Original verdict termed ‘juristic oversight’

The chief justice declared as “no ground” Mr Sheikh’s contention that the apex court, while deciding in favour of Imran Khan in the Dec 15 judgement misread or overlooked the non-disclosures on his part in the 2002 nomination papers which were also available on record.

On Sept 27, the same bench had dismissed PTI leader Jahangir Khan Tareen’s review petition against his disqualification.

On Thursday, Justice Umar Ata Bandial, a member of the bench, observed that the arguments of the counsel regarding juristic oversight were in fact misleading and that the beauty of his arguments in the review petition against the judgement was that he was pleading without reading a single sentence from the judgement.

“You are making sweeping statements and speaking which is appealing to yourself or the audience in the courtroom,” Justice Bandial observed, adding that the counsel was drawing unnecessary parallel between the Imran Khan judgement and the Panama Papers case.

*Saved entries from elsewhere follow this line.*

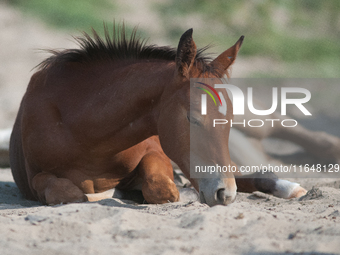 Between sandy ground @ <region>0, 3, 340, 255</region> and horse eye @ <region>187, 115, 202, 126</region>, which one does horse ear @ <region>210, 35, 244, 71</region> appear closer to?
horse eye @ <region>187, 115, 202, 126</region>

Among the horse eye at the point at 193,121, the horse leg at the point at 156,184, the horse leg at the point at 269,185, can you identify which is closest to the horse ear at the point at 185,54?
the horse eye at the point at 193,121

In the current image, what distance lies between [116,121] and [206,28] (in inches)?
422

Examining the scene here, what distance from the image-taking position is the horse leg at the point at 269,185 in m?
3.84

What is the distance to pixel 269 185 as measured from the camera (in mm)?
3955

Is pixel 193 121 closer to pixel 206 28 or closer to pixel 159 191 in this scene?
pixel 159 191

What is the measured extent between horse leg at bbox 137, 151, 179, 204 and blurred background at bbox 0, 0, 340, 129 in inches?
236

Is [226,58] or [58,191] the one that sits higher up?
[226,58]

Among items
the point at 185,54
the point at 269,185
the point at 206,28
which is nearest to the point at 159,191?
the point at 185,54

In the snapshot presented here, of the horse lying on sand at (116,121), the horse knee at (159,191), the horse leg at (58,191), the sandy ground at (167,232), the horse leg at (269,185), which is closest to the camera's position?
the sandy ground at (167,232)

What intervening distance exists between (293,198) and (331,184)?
871mm

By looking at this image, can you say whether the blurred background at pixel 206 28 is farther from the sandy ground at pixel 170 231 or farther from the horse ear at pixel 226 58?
the sandy ground at pixel 170 231

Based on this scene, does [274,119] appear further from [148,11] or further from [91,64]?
[148,11]

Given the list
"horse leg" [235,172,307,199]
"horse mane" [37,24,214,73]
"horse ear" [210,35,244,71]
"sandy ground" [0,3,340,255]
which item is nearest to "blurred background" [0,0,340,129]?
"horse mane" [37,24,214,73]

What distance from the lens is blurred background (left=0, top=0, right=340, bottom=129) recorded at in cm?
1073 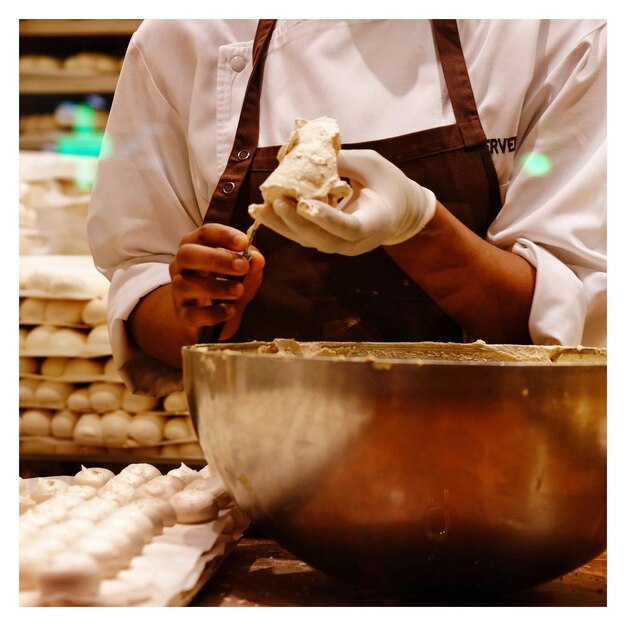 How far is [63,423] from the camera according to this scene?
2090 millimetres

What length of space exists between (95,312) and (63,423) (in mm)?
334

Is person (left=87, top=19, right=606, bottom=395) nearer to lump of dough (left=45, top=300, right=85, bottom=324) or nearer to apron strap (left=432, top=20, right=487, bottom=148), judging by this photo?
apron strap (left=432, top=20, right=487, bottom=148)

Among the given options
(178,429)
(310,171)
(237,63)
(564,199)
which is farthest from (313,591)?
(178,429)

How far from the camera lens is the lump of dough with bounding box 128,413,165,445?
2.06m

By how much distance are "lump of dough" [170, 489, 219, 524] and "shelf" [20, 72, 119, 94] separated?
3.40ft

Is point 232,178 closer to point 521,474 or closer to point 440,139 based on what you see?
point 440,139

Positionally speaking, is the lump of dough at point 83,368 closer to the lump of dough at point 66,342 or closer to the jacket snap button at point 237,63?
the lump of dough at point 66,342

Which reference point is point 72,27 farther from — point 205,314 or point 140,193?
point 205,314

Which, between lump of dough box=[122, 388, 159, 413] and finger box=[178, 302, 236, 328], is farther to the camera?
lump of dough box=[122, 388, 159, 413]

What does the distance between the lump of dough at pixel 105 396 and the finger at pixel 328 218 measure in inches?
62.1

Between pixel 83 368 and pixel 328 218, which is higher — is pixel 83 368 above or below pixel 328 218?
below

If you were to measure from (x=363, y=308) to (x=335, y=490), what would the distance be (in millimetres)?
521

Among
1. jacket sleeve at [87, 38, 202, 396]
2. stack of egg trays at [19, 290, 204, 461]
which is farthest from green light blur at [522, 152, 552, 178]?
stack of egg trays at [19, 290, 204, 461]

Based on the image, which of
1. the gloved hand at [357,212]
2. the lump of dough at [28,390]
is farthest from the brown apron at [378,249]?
the lump of dough at [28,390] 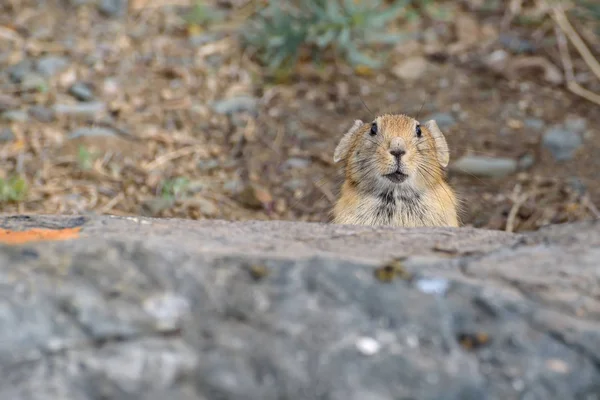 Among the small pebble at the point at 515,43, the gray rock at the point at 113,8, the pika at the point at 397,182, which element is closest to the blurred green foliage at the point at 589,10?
the small pebble at the point at 515,43

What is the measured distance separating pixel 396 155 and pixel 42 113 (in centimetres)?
316

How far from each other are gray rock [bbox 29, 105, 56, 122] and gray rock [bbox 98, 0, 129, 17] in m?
1.48

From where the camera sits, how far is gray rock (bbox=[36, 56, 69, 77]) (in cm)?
717

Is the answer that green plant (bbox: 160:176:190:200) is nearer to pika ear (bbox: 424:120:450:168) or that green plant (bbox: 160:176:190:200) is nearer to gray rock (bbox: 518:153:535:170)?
pika ear (bbox: 424:120:450:168)

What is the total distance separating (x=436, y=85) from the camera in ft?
24.2

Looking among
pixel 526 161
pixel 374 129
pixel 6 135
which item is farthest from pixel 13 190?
pixel 526 161

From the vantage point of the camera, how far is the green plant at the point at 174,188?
A: 19.9 ft

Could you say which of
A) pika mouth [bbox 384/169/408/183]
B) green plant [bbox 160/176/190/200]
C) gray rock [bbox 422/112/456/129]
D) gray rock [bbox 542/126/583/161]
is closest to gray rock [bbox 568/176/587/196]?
gray rock [bbox 542/126/583/161]

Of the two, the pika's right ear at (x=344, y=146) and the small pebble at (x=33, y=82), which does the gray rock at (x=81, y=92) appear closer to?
the small pebble at (x=33, y=82)

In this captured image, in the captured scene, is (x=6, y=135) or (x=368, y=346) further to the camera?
(x=6, y=135)

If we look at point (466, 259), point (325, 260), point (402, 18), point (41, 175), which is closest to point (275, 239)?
point (325, 260)

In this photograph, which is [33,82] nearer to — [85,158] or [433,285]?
[85,158]

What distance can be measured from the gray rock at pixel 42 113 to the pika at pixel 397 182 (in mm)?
2643

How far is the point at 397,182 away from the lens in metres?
5.11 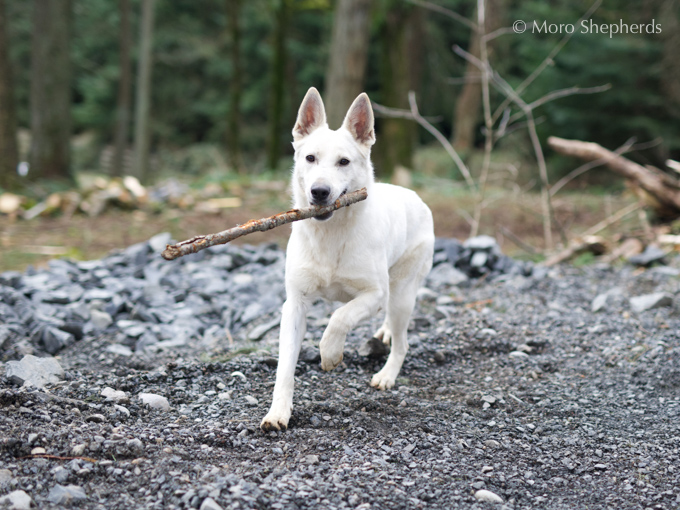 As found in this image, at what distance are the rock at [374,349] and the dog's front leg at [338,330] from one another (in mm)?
1110

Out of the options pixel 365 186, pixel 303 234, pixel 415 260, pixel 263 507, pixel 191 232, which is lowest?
pixel 191 232

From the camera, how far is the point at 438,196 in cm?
1300

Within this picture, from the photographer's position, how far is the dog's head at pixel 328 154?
3542mm

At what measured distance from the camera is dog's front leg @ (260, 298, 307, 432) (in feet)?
11.0

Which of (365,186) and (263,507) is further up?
(365,186)

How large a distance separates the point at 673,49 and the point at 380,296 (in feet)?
51.5

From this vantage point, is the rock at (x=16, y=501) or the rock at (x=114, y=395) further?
the rock at (x=114, y=395)

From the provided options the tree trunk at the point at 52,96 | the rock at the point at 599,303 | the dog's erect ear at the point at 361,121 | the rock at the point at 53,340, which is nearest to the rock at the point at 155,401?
the rock at the point at 53,340

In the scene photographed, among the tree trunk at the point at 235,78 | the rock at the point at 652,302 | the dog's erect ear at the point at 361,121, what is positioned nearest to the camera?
the dog's erect ear at the point at 361,121

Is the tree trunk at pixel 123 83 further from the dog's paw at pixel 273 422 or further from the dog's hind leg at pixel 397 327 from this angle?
the dog's paw at pixel 273 422

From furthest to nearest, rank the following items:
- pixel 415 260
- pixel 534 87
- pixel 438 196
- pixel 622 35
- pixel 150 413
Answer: pixel 534 87
pixel 622 35
pixel 438 196
pixel 415 260
pixel 150 413

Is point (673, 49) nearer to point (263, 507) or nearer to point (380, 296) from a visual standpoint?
point (380, 296)

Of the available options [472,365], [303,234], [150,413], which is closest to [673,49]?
[472,365]

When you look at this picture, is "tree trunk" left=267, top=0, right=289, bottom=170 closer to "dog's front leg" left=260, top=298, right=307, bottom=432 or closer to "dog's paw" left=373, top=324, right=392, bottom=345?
"dog's paw" left=373, top=324, right=392, bottom=345
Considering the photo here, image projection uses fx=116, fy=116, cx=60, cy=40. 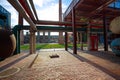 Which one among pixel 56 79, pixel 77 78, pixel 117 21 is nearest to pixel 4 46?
pixel 56 79

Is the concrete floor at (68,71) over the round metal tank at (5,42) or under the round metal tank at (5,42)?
under

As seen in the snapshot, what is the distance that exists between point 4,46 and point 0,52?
229mm

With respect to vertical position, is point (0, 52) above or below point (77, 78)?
above

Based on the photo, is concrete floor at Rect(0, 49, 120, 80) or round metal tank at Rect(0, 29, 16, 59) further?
concrete floor at Rect(0, 49, 120, 80)

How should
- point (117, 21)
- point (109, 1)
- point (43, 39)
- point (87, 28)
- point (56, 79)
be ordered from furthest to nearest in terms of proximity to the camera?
1. point (43, 39)
2. point (87, 28)
3. point (109, 1)
4. point (117, 21)
5. point (56, 79)

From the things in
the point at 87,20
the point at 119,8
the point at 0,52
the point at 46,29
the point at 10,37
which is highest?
the point at 119,8

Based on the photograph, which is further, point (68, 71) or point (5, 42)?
point (68, 71)

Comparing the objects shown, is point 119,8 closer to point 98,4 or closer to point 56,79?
point 98,4

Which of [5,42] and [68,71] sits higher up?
[5,42]

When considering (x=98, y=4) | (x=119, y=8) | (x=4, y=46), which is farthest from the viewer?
(x=119, y=8)

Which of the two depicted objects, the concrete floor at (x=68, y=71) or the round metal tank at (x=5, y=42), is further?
the concrete floor at (x=68, y=71)

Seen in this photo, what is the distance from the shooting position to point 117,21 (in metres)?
8.46

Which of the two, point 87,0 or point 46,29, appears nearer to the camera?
point 87,0

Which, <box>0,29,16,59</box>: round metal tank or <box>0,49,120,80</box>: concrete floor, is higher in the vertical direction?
<box>0,29,16,59</box>: round metal tank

The chief justice agreed that the two cases have different facts and features.

Akram Sheikh, however, retorted that he always appeared in the courtroom with full comprehension of the case and expressed the hope that one day there will be a law requiring that judges who decide a case should not be part of a bench set up to hear a review petition against their judgement.

The counsel began his arguments by citing an assurance on part of the apex court to search and find the truth, adding that the entire judgement proceeded on the documents provided by Mr Khan in bits and pieces.

He argued that Article 188 of the constitution confers upon the court substantial powers to revisit its judgements and the basis of this review jurisdiction is the Quranic and Asool-i-Fiqh of Rajoo anil Khata that proceeds on the concept that judges were not infallible.

Therefore, if the judgement proceeds on any wrong assumption of facts and law or of any other human error, that must be corrected.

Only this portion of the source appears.